Continue reading to learn more about blue light glasses, including how effective they are and how you can test them. 

What Is Blue Light?

You’re naturally exposed to blue light every day, whether it’s your phone, laptop, television, or the sun. It’s a short wavelength light that is a part of the white light you see when the sun shines. 

It’s not that blue light is inherently bad for you—it has several benefits, including: 

  • Boosted alertness
  • Improved memory
  • Better mood
  • Improved attention span & reaction time

However, overexposure to blue light can be harmful, increasing your risk of eye disease. It’s a common assumption that blue light can harm or damage the eyes, causing people to seek out blue light glasses for protection. 

What Are Blue Light Glasses? 

Blue light glasses help filter blue light, working as a separate pair of glasses or a coating on your regular lenses. The theory behind these lenses is that they stop blue light from reaching the eyes and damaging them, preventing complications. 

Many people recommend blue light glasses if someone frequently uses their computer or another digital device. They can reportedly help prevent symptoms of digital eye strain

What Is Digital Eye Strain? 

Digital eye strain occurs when your eyes become tired or strained from using digital devices for long periods.

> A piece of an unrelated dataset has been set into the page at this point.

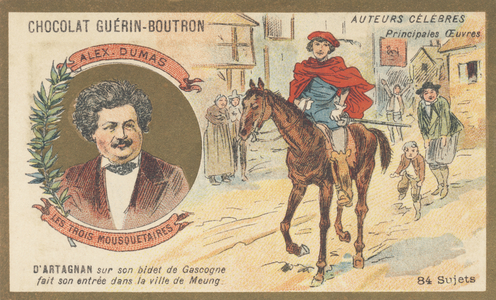 Alexandre Dumas (1802-1870), French writer, author of “Les trois musketeaires”, novel (1844)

Using your phone, tablet, or laptop can lead to irritating symptoms. 

It’s no surprise digital eye strain is more common as people rely on digital devices more than ever. Approximately 50% of computer users experience digital eye strain symptoms

Digital eye strain can lead to the following symptoms: 

  • Headaches
  • Eye strain
  • Blurry vision
  • Irritated eyes
  • Double vision
  • Watery eyes
  • Dry eyes
  • Discomfort
  • Excessive blinking 

Many people assume digital eye strain happens because of your digital devices and the blue light they emit, but the cause may be more related to how you use your devices. 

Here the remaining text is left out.